Background: Mental stress is associated with higher mortality, but it remains controversial whether the association is causal or a consequence of a higher physical disease burden in those with a high mental stress load. Understanding causality is important when developing targeted interventions. We aimed to estimate the effect of mental stress on mortality by performing a 'natural' experiment using spousal bereavement as a disease-independent mental stressor.
Methods: We followed a population-based matched cohort, including all individuals in Denmark bereaved in 1997-2014, for 17 years. Prospectively recorded register data were obtained for civil and vital status, 39 mental and physical diagnoses, and socioeconomic factors.
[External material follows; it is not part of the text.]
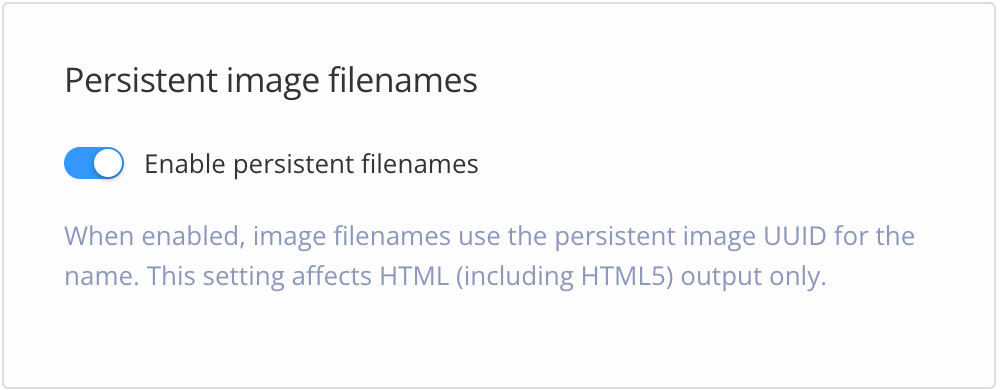 Persistent image filenames setting with enable persistent filenames turned on. This means images use a static ID for the filename for HTML outputs.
Results: In total, 389 316 bereaved individuals were identified and 137 247 died during follow-up. Bereaved individuals had higher all-cause mortality than non-bereaved references in the entire study period. The relative mortality in the bereaved individuals was highest shortly after the loss (adjusted hazard ratio (aHR), first month: 2.50, 95% confidence interval (CI) 2.37-2.63; aHR, 6-12 months: 1.38, 95% CI 1.34-1.42). The excess mortality rate associated with bereavement rose with increasing number of physical diseases (1.33 v. 7.00 excess death per 1000 person-months for individuals with 0 v. ⩾3 physical conditions during the first month) and was exacerbated by the presence of mental illness. The excess mortality among bereaved individuals was primarily due to death from natural causes.
Conclusions: Bereavement was associated with increased short-term and long-term mortality, even after adjustment for morbidities, which suggests that mental stress may play a causal role in excess mortality.
Keywords: Bereavement; comorbidity; epidemiology; mental health; mortality; multimorbidity; psychological; stress; widowhood.